Ukrainian economist and politician (born 1965)

Oleksiy Vitaliyovych Plotnikov (Олексій Віталійович Плотніков /uk/; born 10 June 1965) is a Ukrainian economist and politician. He obtained his doctorate in economics in 1994, and became a professor in 1998. He subsequently became a People's Deputy of Ukraine (Member of the Parliament of Ukraine) of the 5th and 6th convocations (2006-2012), and participated in the Parliamentary Assembly of the Council of Europe (PACE) Committee on Equality and Non-Discrimination from 2010 to 2013.
== Education ==
In 1986, he graduated from the Faculty of Finance and Economics of the Kyiv Institute of National Economy (now the Kyiv National Economic University) with a degree in finance and credit.

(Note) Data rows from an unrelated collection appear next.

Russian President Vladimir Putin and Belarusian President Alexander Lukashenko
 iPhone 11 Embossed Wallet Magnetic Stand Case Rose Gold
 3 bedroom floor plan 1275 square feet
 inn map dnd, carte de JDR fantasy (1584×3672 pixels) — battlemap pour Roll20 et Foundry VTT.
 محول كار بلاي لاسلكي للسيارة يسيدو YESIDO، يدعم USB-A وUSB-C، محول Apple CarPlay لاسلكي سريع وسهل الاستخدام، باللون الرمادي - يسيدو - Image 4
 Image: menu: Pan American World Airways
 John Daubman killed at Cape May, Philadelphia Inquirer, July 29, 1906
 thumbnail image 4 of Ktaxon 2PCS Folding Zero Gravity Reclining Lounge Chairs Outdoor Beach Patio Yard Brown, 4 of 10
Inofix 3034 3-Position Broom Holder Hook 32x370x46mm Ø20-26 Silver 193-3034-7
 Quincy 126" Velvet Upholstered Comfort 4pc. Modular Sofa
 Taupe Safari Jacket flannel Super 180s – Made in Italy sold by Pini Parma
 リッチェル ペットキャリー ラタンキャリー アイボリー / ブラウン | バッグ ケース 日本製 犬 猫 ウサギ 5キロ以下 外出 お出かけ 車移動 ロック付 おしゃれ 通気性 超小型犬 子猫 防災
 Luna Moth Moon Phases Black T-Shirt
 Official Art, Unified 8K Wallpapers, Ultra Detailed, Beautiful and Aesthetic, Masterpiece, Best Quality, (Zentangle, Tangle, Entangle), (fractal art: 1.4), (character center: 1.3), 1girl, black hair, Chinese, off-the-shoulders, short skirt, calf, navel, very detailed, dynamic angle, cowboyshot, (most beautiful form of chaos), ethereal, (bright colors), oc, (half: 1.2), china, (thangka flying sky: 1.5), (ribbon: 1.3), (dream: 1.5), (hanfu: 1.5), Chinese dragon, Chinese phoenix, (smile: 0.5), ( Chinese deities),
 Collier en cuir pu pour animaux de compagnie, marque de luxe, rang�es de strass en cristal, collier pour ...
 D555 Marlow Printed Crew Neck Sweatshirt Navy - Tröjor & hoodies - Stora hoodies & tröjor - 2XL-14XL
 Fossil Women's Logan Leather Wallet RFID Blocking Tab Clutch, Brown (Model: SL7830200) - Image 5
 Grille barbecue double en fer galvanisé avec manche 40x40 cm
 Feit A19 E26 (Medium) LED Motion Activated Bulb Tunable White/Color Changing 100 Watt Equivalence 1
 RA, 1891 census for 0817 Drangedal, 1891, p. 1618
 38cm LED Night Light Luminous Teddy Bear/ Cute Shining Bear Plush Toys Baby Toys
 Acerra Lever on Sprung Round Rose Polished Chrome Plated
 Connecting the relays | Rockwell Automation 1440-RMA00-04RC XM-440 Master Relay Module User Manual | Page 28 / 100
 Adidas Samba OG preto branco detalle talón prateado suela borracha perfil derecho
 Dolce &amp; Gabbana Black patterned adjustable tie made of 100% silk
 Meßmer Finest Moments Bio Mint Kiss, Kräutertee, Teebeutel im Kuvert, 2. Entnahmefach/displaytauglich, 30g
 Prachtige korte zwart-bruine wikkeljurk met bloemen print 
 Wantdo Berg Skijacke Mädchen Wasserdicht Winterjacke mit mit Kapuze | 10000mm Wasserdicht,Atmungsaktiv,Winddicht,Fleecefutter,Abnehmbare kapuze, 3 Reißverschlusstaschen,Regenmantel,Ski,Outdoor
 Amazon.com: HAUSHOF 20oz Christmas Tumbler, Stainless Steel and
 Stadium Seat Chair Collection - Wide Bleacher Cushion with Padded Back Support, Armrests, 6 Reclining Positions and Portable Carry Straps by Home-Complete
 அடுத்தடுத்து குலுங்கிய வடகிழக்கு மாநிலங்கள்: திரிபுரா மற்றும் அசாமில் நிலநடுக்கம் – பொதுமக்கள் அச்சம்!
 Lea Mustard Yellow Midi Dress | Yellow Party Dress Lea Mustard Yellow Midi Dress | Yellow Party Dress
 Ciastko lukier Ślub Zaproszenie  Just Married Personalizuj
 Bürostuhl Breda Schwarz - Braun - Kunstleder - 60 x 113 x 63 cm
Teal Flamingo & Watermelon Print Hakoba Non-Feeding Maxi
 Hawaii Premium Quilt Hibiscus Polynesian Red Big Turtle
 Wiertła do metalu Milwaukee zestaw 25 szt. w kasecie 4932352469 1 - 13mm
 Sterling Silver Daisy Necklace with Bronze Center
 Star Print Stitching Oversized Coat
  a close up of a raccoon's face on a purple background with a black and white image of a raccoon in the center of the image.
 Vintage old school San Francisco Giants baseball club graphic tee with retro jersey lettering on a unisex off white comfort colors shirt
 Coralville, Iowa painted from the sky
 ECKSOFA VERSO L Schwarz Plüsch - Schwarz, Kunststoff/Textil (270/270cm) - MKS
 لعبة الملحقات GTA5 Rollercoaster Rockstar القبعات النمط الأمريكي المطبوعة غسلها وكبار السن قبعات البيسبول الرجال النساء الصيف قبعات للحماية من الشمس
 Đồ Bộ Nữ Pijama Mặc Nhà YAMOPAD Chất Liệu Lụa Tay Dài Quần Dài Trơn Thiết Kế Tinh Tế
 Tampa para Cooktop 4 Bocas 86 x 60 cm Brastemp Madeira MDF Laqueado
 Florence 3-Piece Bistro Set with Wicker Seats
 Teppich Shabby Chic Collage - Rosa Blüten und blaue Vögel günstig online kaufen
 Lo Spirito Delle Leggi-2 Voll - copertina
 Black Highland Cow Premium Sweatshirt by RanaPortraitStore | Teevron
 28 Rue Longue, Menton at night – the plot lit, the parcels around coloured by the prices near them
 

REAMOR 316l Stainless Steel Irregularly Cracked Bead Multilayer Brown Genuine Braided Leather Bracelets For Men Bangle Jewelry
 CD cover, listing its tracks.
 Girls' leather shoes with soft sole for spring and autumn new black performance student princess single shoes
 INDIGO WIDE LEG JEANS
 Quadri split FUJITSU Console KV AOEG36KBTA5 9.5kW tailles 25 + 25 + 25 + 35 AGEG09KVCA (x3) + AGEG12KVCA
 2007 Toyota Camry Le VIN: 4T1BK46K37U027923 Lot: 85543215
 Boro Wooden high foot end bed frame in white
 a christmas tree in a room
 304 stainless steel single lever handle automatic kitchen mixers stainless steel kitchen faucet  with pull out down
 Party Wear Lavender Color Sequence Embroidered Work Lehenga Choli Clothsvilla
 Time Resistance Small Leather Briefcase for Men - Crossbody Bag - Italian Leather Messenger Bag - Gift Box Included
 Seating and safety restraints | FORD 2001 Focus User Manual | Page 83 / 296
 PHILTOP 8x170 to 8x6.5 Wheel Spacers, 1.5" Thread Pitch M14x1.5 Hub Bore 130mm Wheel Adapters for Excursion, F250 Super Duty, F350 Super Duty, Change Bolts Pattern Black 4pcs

In 1991, at the Kyiv Institute of National Economy, he completed his PhD thesis on "Financial and Economic Relations in the Process of Property Sales" in the specialty "Political Economy".

In 1994, at the Kyiv Taras Shevchenko National University, he completed his doctoral dissertation (DSc) on "Financial Management in Transnational Corporations" in the specialty "International Economic Relations".

In 1998, the Institute of World Economy and International Relations of the National Academy of Sciences of Ukraine awarded him the academic title of Professor in the specialty "World Economy and International Economic Relations".

== Career ==

1992-1994: Senior Researcher at the Department of World Market Models and Privatization Problems, Institute of World Economy and International Relations of the National Academy of Sciences of Ukraine.

1994-2012: Head of the Department of International Monetary and Financial Relations, Institute of World Economy and International Relations of the National Academy of Sciences of Ukraine.

2006-2007: People's Deputy of Ukraine of the 5th convocation. Deputy Chairman of the Committee on Economic Policy (since 07.2006); Chairman of the Investigative Commission of the Verkhovna Rada (Parliament) of Ukraine on checking the effectiveness of the functioning of Special Economic Zones and Priority Development Territories in Ukraine (since 21.12.2006); Member of the Ukrainian part of the Committee on Parliamentary Cooperation Between Ukraine and the European Union; Head of the group on inter-parliamentary relations with the Republic of Bulgaria; Head of the group on inter-parliamentary relations with the Republic of Macedonia; Member of the Party of Regions faction (since 05.2006).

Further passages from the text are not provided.